= Carlos González Ragel =

Spanish painter

Carlos González Ragel (December 22, 1899 - November 28, 1969) was a Spanish painter and photographer. He was known for pictures of skeletal figures that he called "esqueletomaquia".

González staged six exhibitions, the first in 1931 at the Museum of Modern Art, the third in 1937 in Seville, the fourth in 1941 at the Swan Hotel in England and the last exhibition in 1955 also at the Swan. In 1936, González, suffering from alcoholism, entered the Psychiatric Hospital of Malaga. After leaving the hospital, his condition deteriorated again and he was admitted to the Psychiatric Hospital in Seville. Soon after his last exhibition in 1955, González was admitted to the sanatorium of St. John of God in Ciempozuelos, where he spent the rest of his life, although he continued to draw and paint. From December 2007 to March 2008, the Reina Sofía held an exhibition of his works entitled The Spanish Night.

==Early life==
González was born in Jerez de la Frontera, Spain on December 22, 1899. His father, Diego González Lozano, owned a photography studio. González's mother died when he was only nine.

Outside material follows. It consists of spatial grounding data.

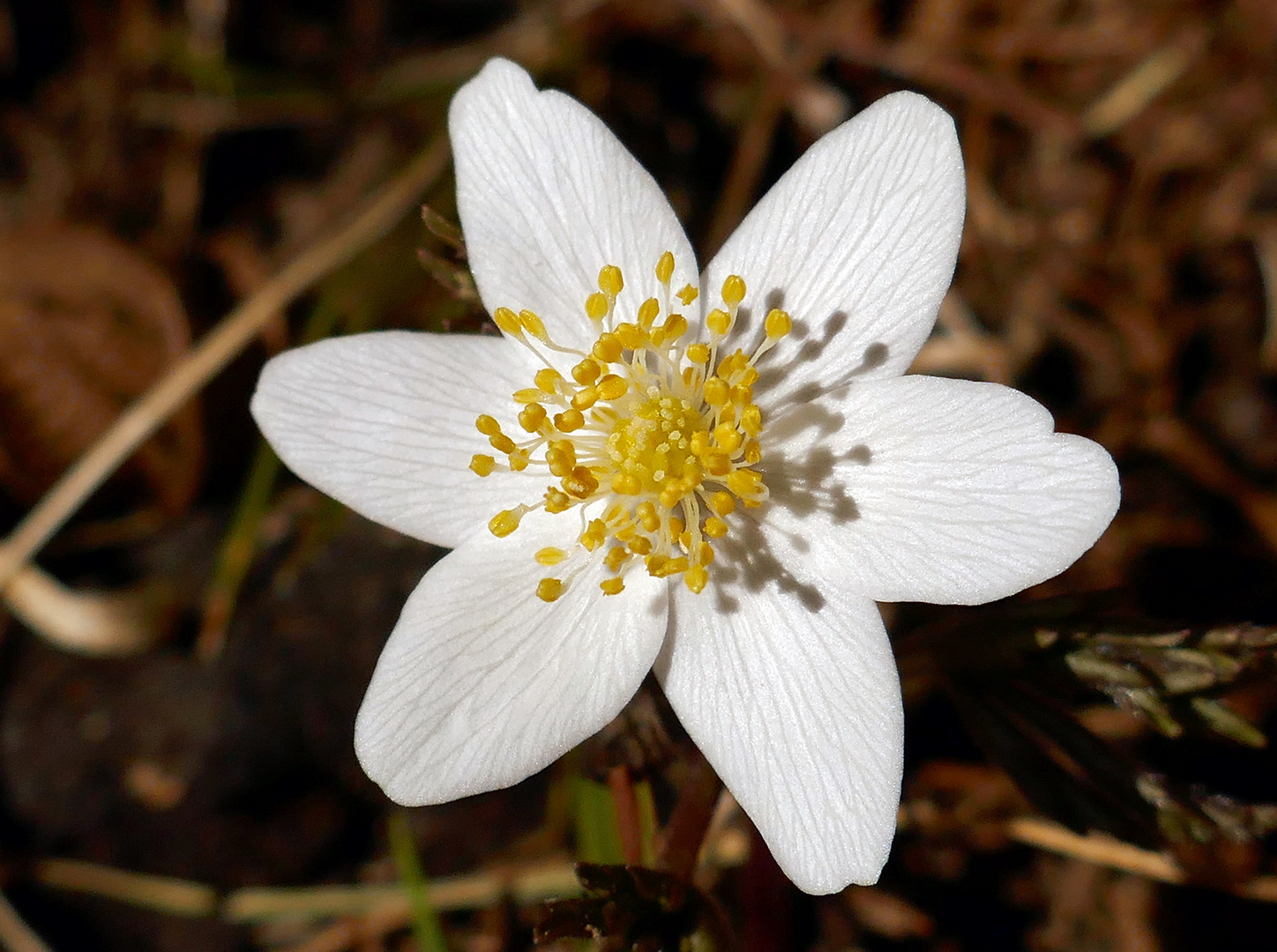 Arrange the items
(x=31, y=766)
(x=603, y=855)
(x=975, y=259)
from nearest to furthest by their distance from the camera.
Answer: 1. (x=603, y=855)
2. (x=31, y=766)
3. (x=975, y=259)

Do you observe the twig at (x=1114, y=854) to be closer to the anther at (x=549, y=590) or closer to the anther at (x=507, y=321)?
the anther at (x=549, y=590)

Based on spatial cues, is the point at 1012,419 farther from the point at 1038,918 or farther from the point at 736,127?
the point at 736,127

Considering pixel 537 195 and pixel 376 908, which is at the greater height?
pixel 537 195

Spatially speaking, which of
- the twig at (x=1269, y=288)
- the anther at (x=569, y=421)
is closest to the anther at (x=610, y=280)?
the anther at (x=569, y=421)

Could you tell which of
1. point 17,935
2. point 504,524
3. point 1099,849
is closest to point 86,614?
point 17,935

González attended the College of the Marianists, but dropped out. When he was 16, he and his brother Diego moved to Madrid and González. After his father's, González returned to Jerez and worked with his brother Javier, in his father's photography studio. He enrolled in the School of Arts and Crafts, but did not complete his studies.

== Career ==
González began exhibiting pictures of skeletal figures that he called "esqueletomaquia". González staged six exhibitions. He opened the first on February 16, 1931 with figures as skeletons in the Museum of Modern Art. The exhibition emphasized drawings and caricatures, from politicians to ordinary people.

After the photography studio closed, he spent his time painting, with periods of high production and others of inactivity. Jose Franco said in an article published in World Chart in 1931 that González works are full of "satirical prints" with which the author makes a critical social and human aspects of the time using "metamorphosis and deformation reality."

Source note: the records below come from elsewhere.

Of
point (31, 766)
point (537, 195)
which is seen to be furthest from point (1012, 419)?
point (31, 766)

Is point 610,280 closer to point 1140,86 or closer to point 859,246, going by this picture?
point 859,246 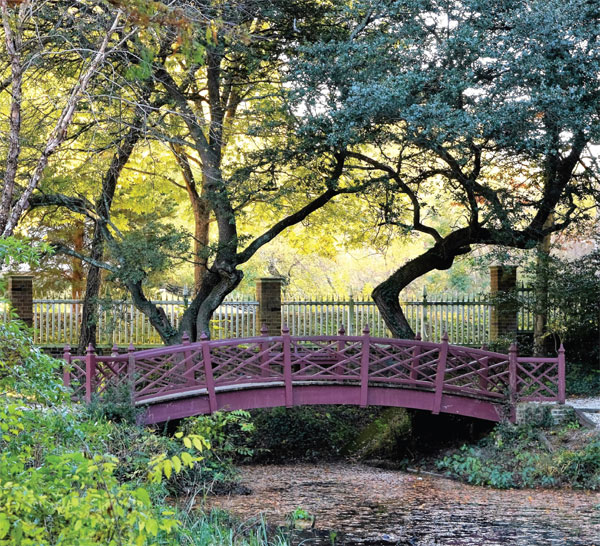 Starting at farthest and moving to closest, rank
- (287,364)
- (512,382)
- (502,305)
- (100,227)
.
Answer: (502,305)
(100,227)
(512,382)
(287,364)

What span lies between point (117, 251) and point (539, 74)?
8.79m

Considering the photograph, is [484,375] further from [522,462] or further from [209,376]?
[209,376]

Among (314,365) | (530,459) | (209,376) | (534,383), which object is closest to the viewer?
(530,459)

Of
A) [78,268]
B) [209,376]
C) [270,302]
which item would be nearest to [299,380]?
[209,376]

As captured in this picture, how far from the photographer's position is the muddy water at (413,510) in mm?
10891

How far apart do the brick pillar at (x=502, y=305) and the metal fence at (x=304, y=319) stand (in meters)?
0.30

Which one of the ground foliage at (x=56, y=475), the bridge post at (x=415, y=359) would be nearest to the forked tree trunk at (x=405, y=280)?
the bridge post at (x=415, y=359)

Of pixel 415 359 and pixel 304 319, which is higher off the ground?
pixel 304 319

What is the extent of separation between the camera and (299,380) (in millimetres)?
15484

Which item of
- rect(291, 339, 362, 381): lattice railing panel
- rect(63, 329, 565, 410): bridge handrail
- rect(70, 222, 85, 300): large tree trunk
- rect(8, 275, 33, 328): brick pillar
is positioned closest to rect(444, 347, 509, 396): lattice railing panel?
rect(63, 329, 565, 410): bridge handrail

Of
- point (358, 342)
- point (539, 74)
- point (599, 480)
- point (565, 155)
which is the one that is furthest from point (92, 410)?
point (565, 155)

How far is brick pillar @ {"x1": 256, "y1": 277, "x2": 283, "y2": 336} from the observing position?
22.4 m

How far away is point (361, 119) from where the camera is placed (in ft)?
53.2

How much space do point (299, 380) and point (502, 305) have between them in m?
8.83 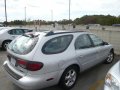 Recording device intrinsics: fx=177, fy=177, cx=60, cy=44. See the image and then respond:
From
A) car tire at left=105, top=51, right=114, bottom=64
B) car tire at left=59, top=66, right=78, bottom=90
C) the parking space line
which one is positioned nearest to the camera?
car tire at left=59, top=66, right=78, bottom=90

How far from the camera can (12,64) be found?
4.37 m

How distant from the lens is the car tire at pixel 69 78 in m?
4.34

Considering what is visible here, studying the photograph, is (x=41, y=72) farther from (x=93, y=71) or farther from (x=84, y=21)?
(x=84, y=21)

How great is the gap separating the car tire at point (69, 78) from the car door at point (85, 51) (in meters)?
0.34

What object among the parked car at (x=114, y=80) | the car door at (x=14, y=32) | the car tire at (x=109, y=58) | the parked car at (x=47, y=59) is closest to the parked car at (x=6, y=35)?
the car door at (x=14, y=32)

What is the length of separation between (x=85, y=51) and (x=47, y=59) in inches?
60.2

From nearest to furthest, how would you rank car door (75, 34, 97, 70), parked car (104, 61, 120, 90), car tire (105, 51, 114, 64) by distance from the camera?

In 1936, González, suffering from alcoholism, first entered the Psychiatric Hospital of Malaga. After leaving the hospital, he and his wife Amalia went to Seville. However, his condition deteriorated again and he was admitted to the Psychiatric Hospital in Seville.

In 1937, González held his third exhibition in Seville, exhibiting esqueleotomaquias of celebrities and politicians.

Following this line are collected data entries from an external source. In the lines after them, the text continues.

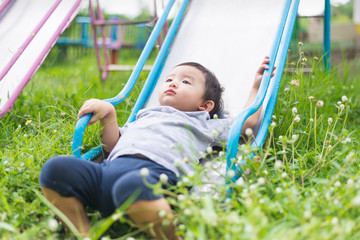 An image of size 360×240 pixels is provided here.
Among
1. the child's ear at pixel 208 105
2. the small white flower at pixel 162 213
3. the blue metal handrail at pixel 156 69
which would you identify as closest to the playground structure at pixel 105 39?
the blue metal handrail at pixel 156 69

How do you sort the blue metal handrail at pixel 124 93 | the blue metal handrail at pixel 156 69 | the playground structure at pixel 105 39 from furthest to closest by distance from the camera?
the playground structure at pixel 105 39 → the blue metal handrail at pixel 156 69 → the blue metal handrail at pixel 124 93

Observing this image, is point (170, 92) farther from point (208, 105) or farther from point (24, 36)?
point (24, 36)

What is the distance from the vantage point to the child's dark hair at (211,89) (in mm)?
2189

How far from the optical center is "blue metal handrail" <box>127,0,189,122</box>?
7.97 feet

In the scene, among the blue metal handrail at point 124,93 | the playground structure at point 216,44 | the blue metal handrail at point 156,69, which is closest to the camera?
the blue metal handrail at point 124,93

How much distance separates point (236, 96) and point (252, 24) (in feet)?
2.13

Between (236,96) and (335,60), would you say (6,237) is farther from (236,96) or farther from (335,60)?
(335,60)

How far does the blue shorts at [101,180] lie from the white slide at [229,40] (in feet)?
2.76

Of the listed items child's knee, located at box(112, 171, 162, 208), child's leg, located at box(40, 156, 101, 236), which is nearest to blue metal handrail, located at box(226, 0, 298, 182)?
child's knee, located at box(112, 171, 162, 208)

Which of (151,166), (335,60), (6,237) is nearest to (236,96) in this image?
(151,166)

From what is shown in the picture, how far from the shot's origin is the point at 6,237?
1305 millimetres

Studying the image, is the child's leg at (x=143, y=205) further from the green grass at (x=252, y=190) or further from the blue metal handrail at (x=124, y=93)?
Result: the blue metal handrail at (x=124, y=93)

In 1941, he held its fourth exhibition Swan Hotel. From that date onwards, his painting became darker.

In 1955 González held his last exhibition at the Swan Hotel. He was soon admitted to the sanatorium of St. John of God in Ciempozuelos, where he spent the rest of his life. González continued to draw and paint. He created esqueletomaquias of Don Quixote, Goya, and Van Gogh.

== Death and legacy ==
González died n November 28, 1969.

From December 2007 to March 2008, an exhibition entitled The Spanish Night was held at the Reina Sofía in Madrid, featuring twelve of his works.